#### What you are asked to do
Return only the lines of the listing below that run from the line with "微信一直弹回登录界面-微信反复跳转到登录界面" through the line with "第90话 我对他是&hellip;&hellip;-第91话", both ends included, exactly as written.

#### Input data

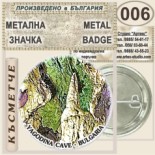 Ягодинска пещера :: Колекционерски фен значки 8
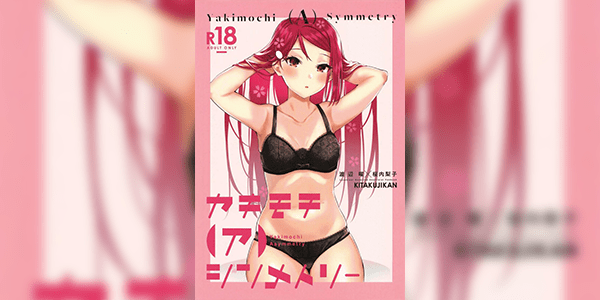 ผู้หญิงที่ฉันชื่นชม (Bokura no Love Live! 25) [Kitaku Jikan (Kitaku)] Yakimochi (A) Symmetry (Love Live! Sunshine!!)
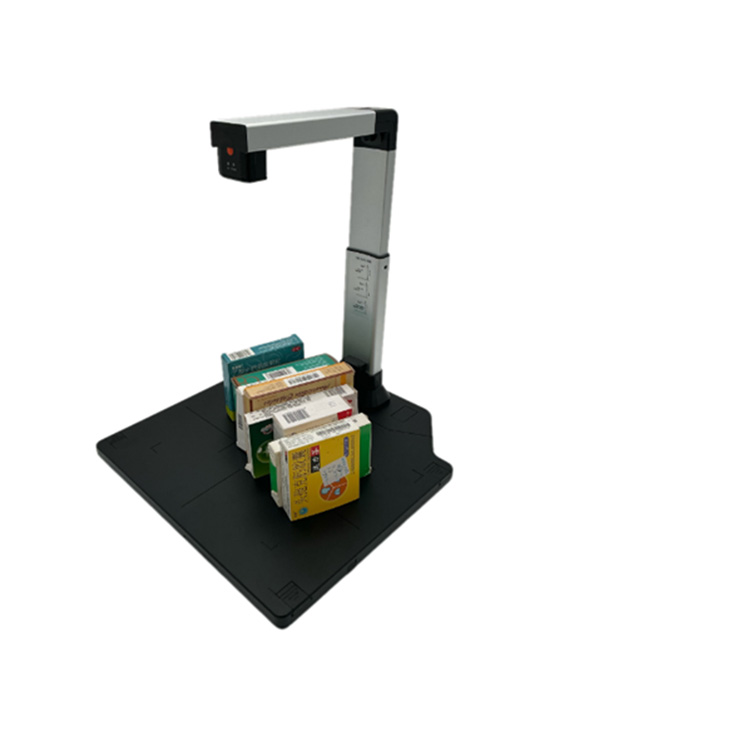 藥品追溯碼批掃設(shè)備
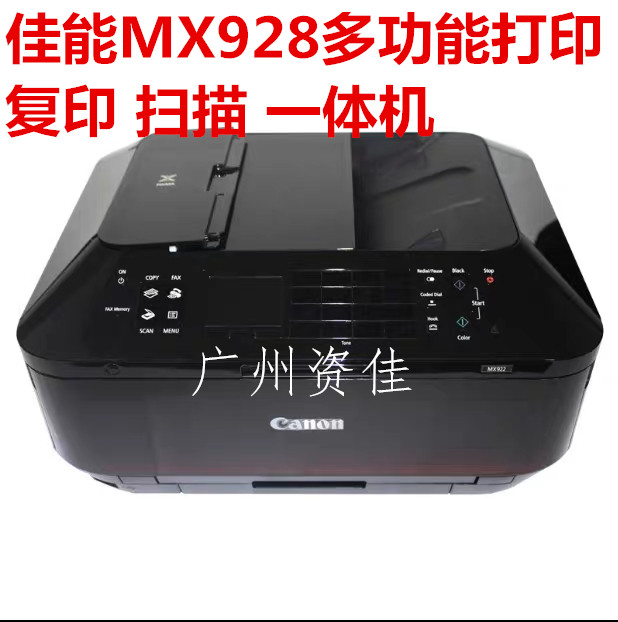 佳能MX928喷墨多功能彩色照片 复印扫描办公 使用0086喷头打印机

* * *

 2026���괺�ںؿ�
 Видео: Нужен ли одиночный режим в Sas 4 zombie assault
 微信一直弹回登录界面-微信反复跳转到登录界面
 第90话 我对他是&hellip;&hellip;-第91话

#### Answer to this task
 微信一直弹回登录界面-微信反复跳转到登录界面
 第90话 我对他是&hellip;&hellip;-第91话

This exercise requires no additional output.